I learn people can save a lot hard-drive space thanks to deduplication, but problem was it has to be resurce-consuming (RAM/CPU).
Why not allow to application gives hint, which files could been related?
For example:
I copy one image to another and save the another image. GIMP could hind: first image is related to second.
Package manager could have CVS integration and looking, which packages have similar commits, or looking for similar packages names or for some metadata (PROVIDES?). It maybe is not great for rpm, but for gnu/guix it could be great. Simple: we can install many versions of the same package (GUIX allow for this) and package manager give hint: files put inside konsole-branding-upstream could be related to these put inside konsole-branding-opensuse.
In other words, one attempts to remove duplicate files from a file-system …

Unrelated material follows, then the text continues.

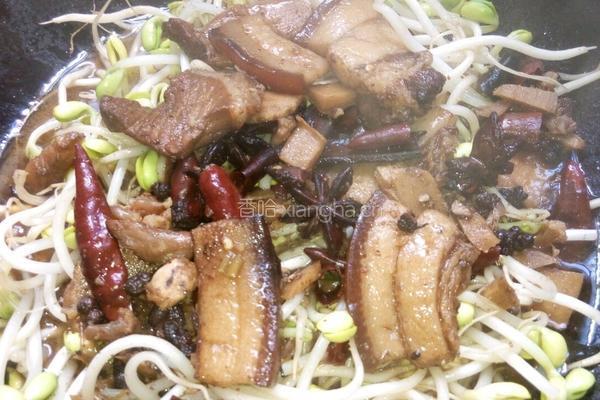 肉烧黄豆芽的做法图解8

But, symbolic, relative and, physical, links are also “duplicate files
” … >:)
Yes, this is a Data Centre issue – (real) duplicate files can consume file-system space and, there are projects which make use of databases which are attempting to address this issue –
Simply search the Internet for “Linux deduplication” …
Maybe it is good for data centers, but I think it is good for desktop too.

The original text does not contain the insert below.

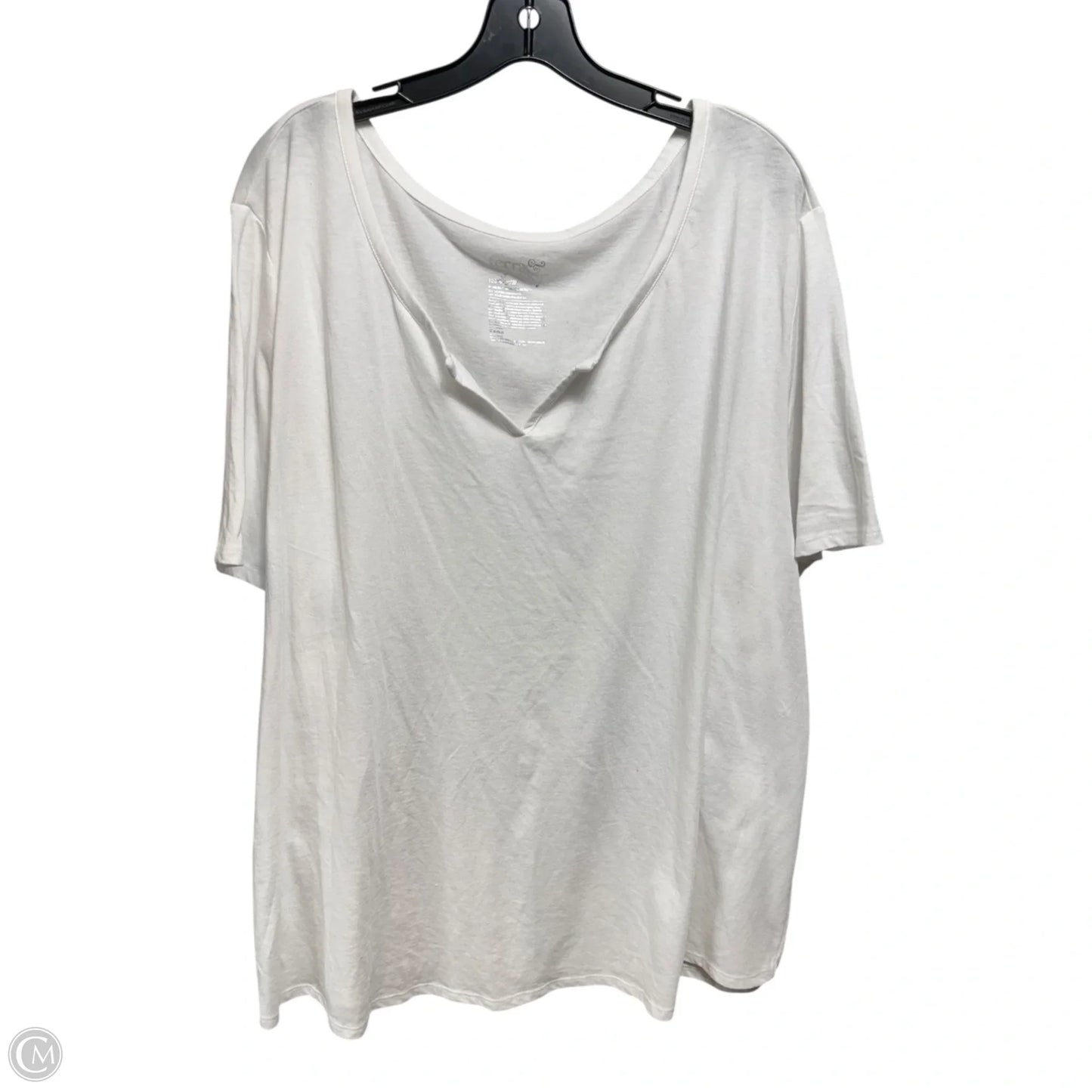 Top Short Sleeve Basic By Terra & Sky In White, Size: 4x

Imagine we edit an video, so keeping many version. Deduplication of parts of this video could bring better results than compressing. Another think is savegames.
The file versions created by Multi-Media editing sessions usually have new file name extensions (V1/2/3) – and, are, therefore, not duplicates …

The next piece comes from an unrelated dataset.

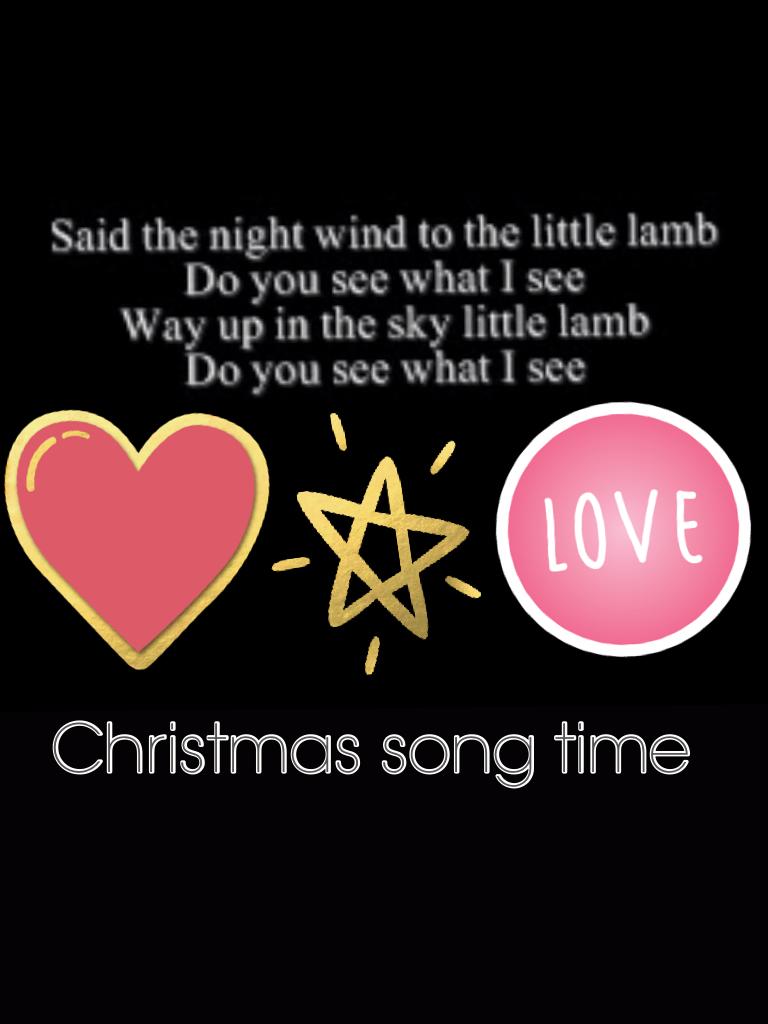 Christmas song time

Which is why, traditionally, UNIX® doesn’t save a new version of a file when a file is saved after modification …
Other operating systems – some current, many not (for example, DEC operating systems such as VAX/VMS and RSX-11 when it used Files-11]) – used to save a limited number of new versions of files after the file was changed.
It’s normally a user’s responsibility to purge the no longer needed file versions …
In a strict company environment, scripts executed by administrators can force a company’s policy related to multiple file versions …
Individual users can, of course, also write scripts to do this sort of thing – if they want to …